→ **Task data**:
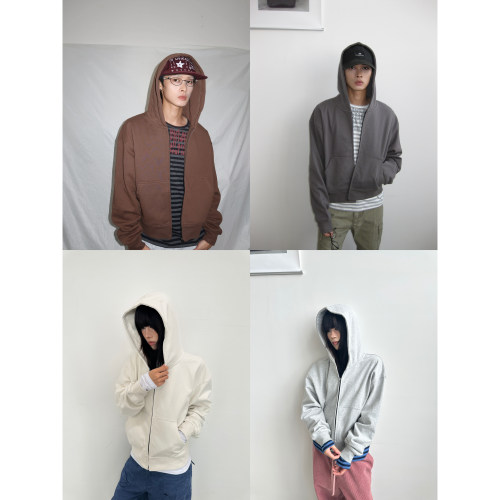 复古水洗boxy短款廓形连帽卫衣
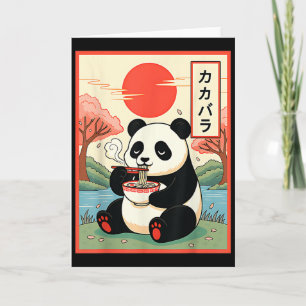 Kawaii Panda Eating Ramen Anime Noodles Japanese P Card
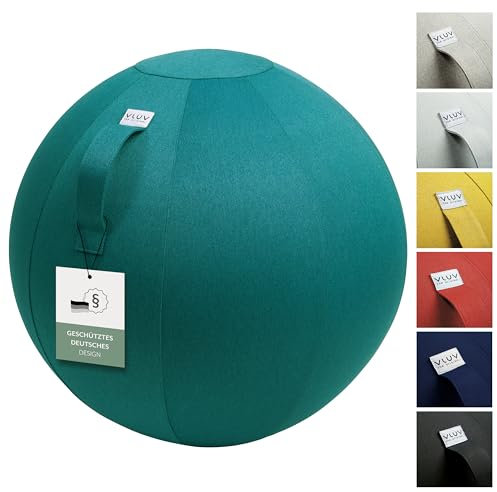 VLUV® BOL LEIV Sitzball Büro Ergonomisch [Atmungsaktiv mit Tragegriff und Wegrollschutz] Waschbarer Stoffbezug | Schwangerschaftsball| Gymnastikball Schwangerschaft Sitzball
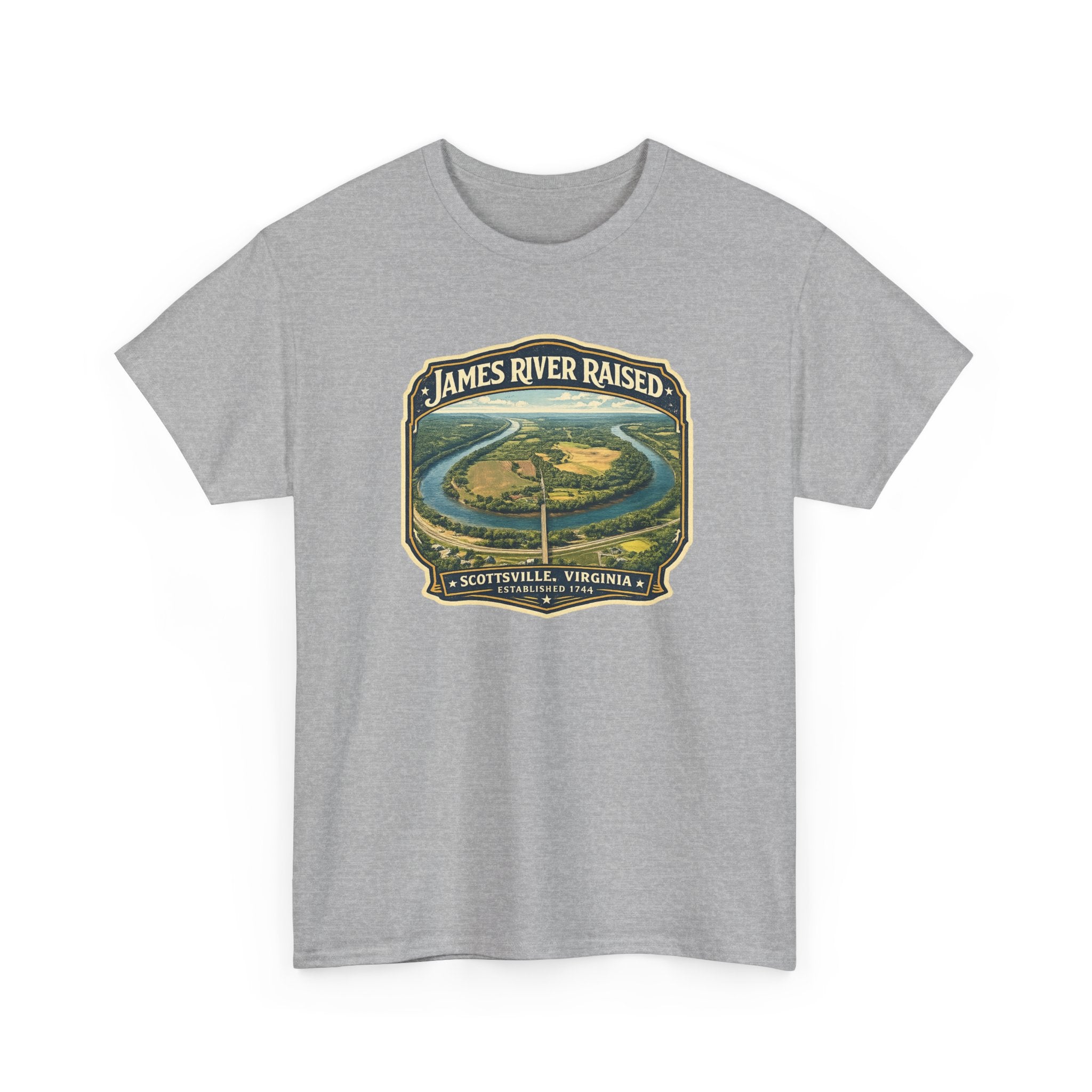 James River Raised T‑Shirt – Scottsville, Virginia Vintage River Badge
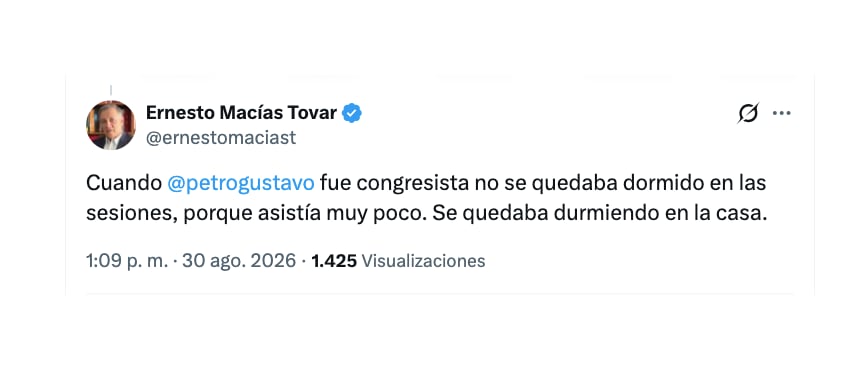 El expresidente del Congreso Ernesto Macías expresó en sus redes sociales sus críticas al exmandatario Gustavo Petro y señaló cómo fue su periodo como senador - crédito @ernestomaciast/X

→ **Task instructions**:
Copy nothing but the lines from the top of the data down to the line containing "James River Raised", and leave the pictures out.

→ **Exercise output**:
 复古水洗boxy短款廓形连帽卫衣
 Kawaii Panda Eating Ramen Anime Noodles Japanese P Card
 VLUV® BOL LEIV Sitzball Büro Ergonomisch [Atmungsaktiv mit Tragegriff und Wegrollschutz] Waschbarer Stoffbezug | Schwangerschaftsball| Gymnastikball Schwangerschaft Sitzball
 James River Raised T‑Shirt – Scottsville, Virginia Vintage River Badge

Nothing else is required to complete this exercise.